Monday, March 1, 2010

Follow the money, aka, "find the rich white man"

I've been shopping for a house with Bee (my soon to be fiance) and the broker/lawyer we're working with is a wealth of information. He makes great suggestions on where to live based on availability of public transportation, trends of where people with money are buying and where the greatest return on investment will be in 10-15 years.

What he has failed to calculate is that as a Chinese person, in a Chinese couple, I'd like to live where other Chinese people are. It's not about being away from White people or excluding any other ethnicity but rather being comfortable in finding sanctuary with those that most certainly share my values and traditions.

It seems to have never entered his mind that his clients would be concerned with that, but at the same time, he may not care.
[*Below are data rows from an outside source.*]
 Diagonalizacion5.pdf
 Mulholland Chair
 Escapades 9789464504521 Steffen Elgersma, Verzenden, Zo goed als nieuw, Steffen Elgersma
This all led to a terse and slightly loud conversation I had with Bee on the T. It started with "I DON'T WANT TO LIVE NEAR A BUNCH OF WHITE PEOPLE!" and ended with a softer discussion about white privilege. During that time I got some knowing looks from the Black girl sitting nearby and some unhappy looks from the progressive Whites on the train that undoubtedly feel they don't belong in a group identified as having White privilege.

I don't feel guilty at having brought the conversation into public but I do feel guilty for presenting my STBF (soon to be fiance) with my past demons. She understands the concepts, but not the intense feelings I have on the subject.

I'm lucky that all she wants is to help me but she still doesn't know how. The worst thing about all this is that I've created a situation where she feels lost and detached from me and I'm not sure how to let her into that part of my life.

I am slowly trying to organize those feelings and find a way for her to understand the intensity of the kind of discrimination I grew up with and it starts with my suggestion to her to read Lac Su's "I Love Yous are for White People".

Until then, we'll keep looking and with the emphasis that we should live near other Asians.

I know what it's like to live in an all White community. I cherish the diversity/tolerance that it forced me to cultivate. I'd like my children to be able to grow up where they can adequately form their ethnic identities before being faced with those that constantly question their identities whether through curiousity or pig-headed ignorance.